[EXTRACTED RECORDS]

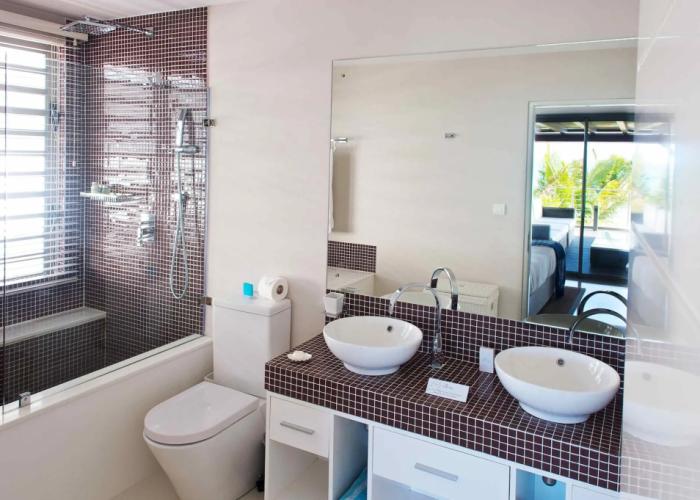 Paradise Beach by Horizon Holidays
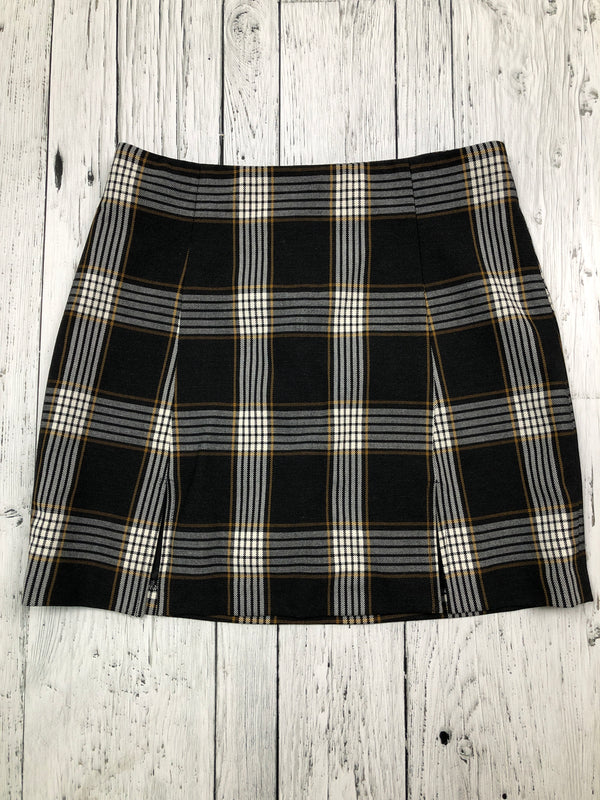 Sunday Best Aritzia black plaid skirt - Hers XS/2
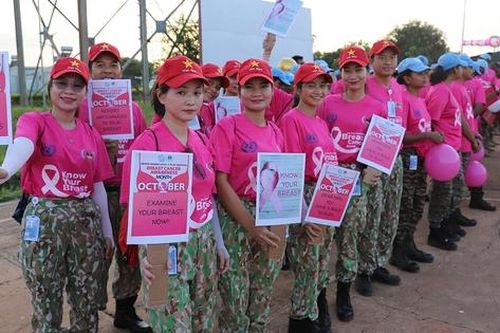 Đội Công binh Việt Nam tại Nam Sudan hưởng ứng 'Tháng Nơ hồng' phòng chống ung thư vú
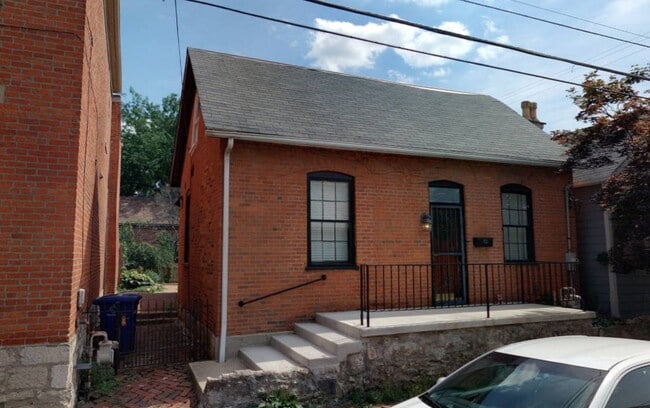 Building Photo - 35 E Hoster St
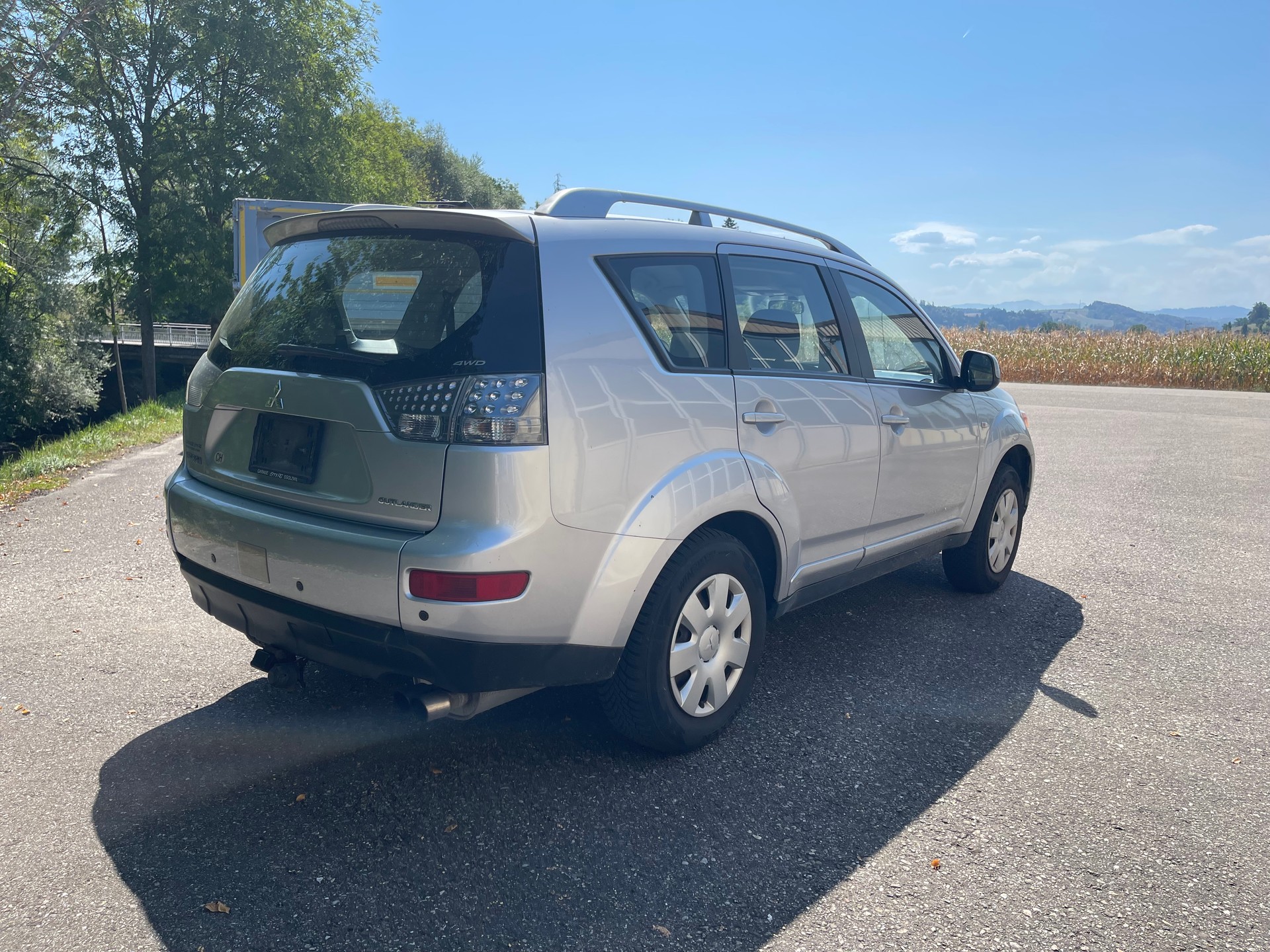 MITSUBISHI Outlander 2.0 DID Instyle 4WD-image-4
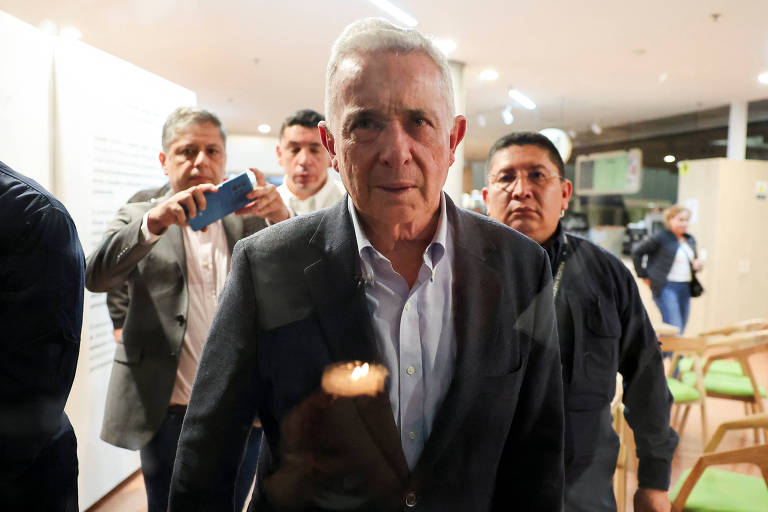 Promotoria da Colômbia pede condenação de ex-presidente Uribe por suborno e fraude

[/EXTRACTED RECORDS]
[EXTRACTED RECORDS]

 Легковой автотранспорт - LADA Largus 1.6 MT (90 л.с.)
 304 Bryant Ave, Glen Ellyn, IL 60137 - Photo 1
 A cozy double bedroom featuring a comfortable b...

[/EXTRACTED RECORDS]

WHAT YOU WILL DO: Look back at the data above. Transcribe exactly the lines starting at the line that contains "Легковой автотранспорт - LADA" and ending at the line that contains "A cozy double".

RESPONSE AREA:
 Легковой автотранспорт - LADA Largus 1.6 MT (90 л.с.)
 304 Bryant Ave, Glen Ellyn, IL 60137 - Photo 1
 A cozy double bedroom featuring a comfortable b...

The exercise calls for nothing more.